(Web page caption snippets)
____
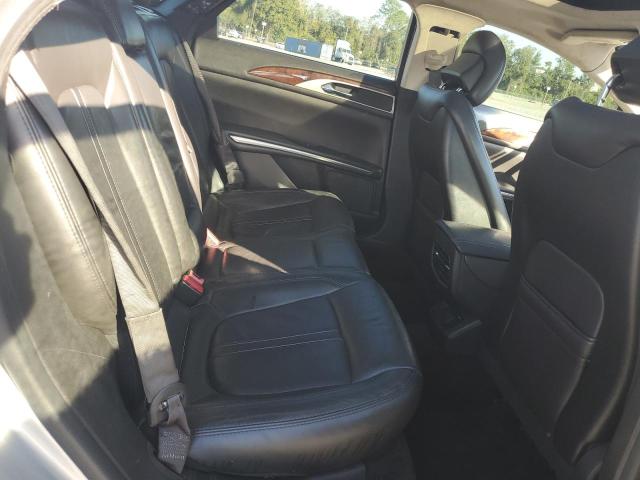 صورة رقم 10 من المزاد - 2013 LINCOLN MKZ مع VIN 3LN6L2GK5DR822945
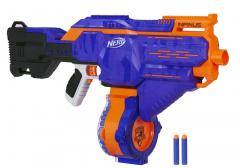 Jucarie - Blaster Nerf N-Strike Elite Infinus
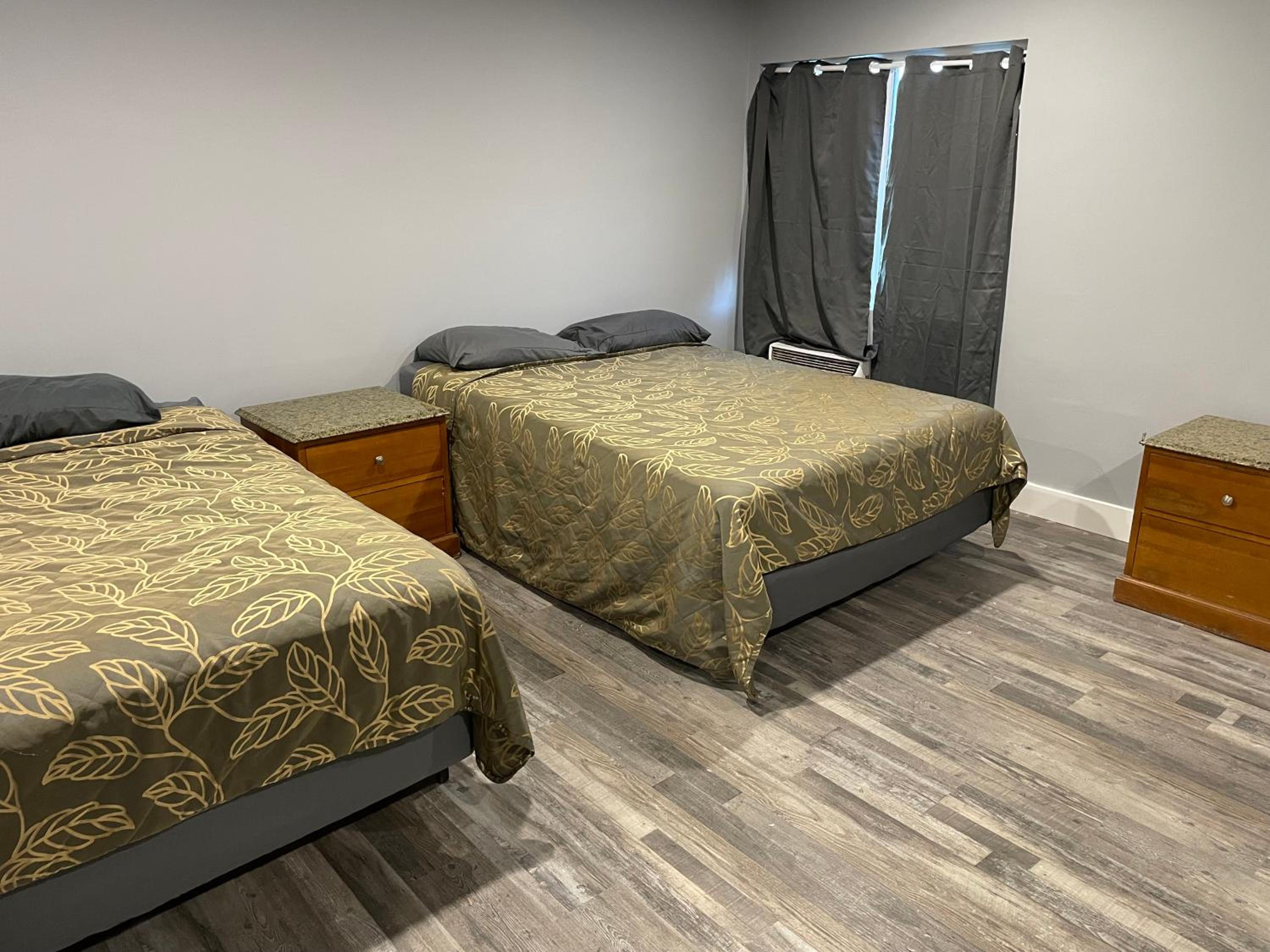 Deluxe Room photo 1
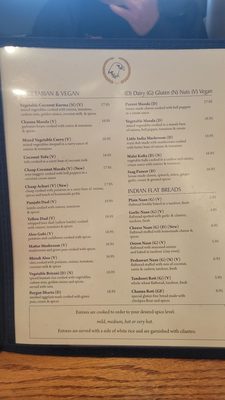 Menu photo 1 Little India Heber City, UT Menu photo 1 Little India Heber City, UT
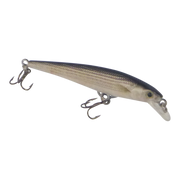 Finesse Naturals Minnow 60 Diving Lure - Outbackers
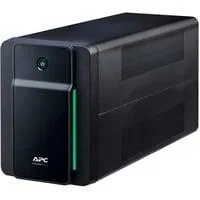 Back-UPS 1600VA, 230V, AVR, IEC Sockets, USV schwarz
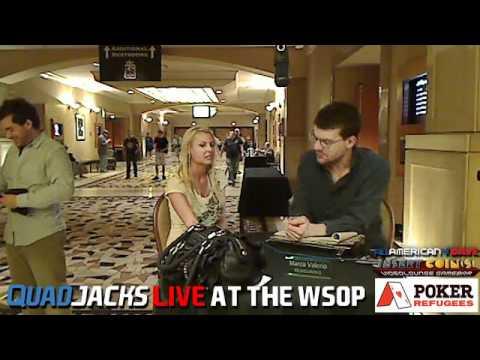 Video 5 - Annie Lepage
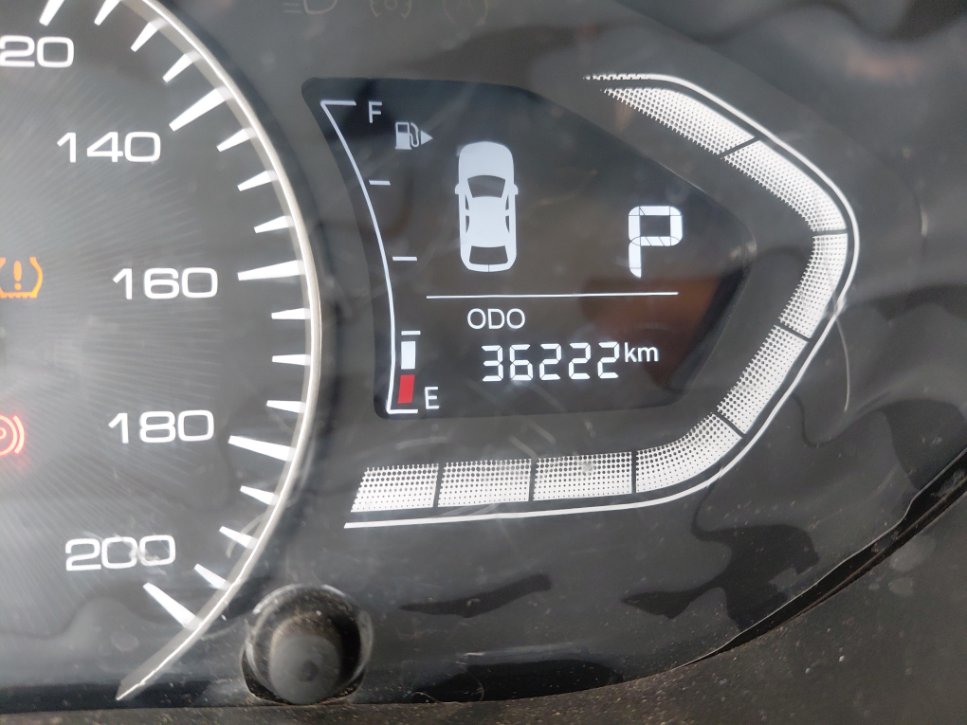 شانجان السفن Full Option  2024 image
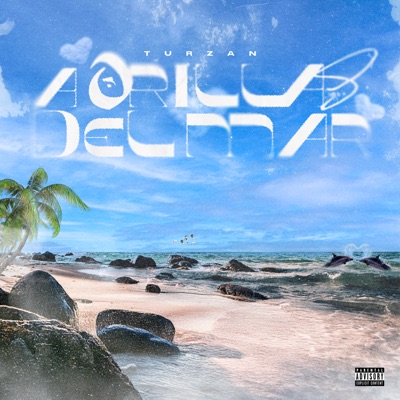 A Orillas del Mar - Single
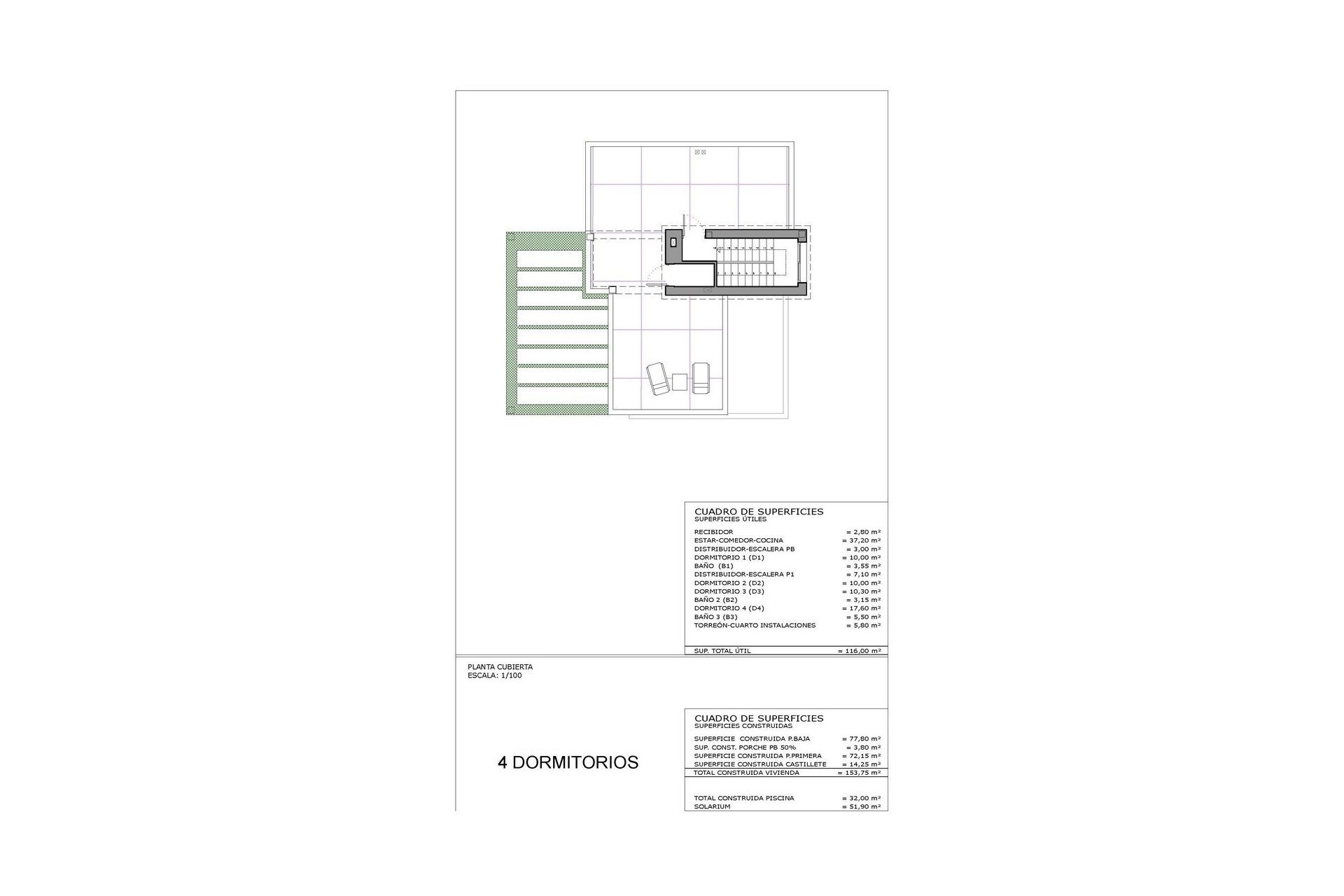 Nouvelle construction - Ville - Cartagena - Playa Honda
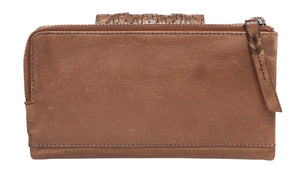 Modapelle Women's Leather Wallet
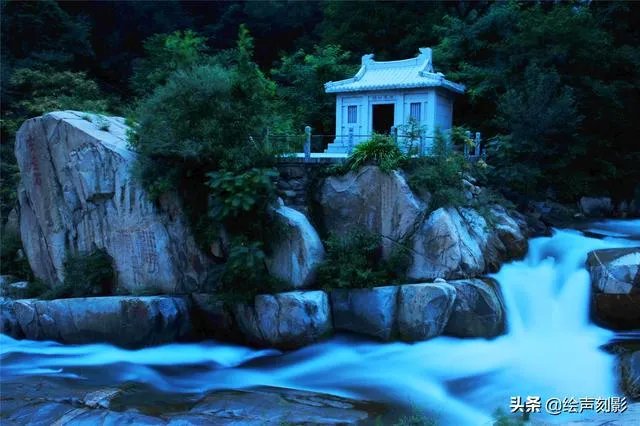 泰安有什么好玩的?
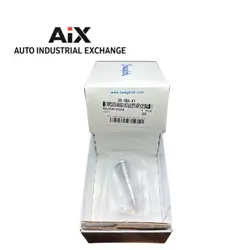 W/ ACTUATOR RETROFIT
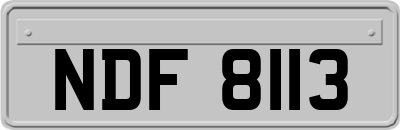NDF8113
____
» Prompt: Reproduce the data in full. Do not carry over any picture.

» Answer section:
 صورة رقم 10 من المزاد - 2013 LINCOLN MKZ مع VIN 3LN6L2GK5DR822945
 Jucarie - Blaster Nerf N-Strike Elite Infinus
 Deluxe Room photo 1
 Menu photo 1 Little India Heber City, UT Menu photo 1 Little India Heber City, UT
 Finesse Naturals Minnow 60 Diving Lure - Outbackers
 Back-UPS 1600VA, 230V, AVR, IEC Sockets, USV schwarz
 Video 5 - Annie Lepage
 شانجان السفن Full Option  2024 image
 A Orillas del Mar - Single
 Nouvelle construction - Ville - Cartagena - Playa Honda
 Modapelle Women's Leather Wallet
 泰安有什么好玩的?
 W/ ACTUATOR RETROFIT
NDF8113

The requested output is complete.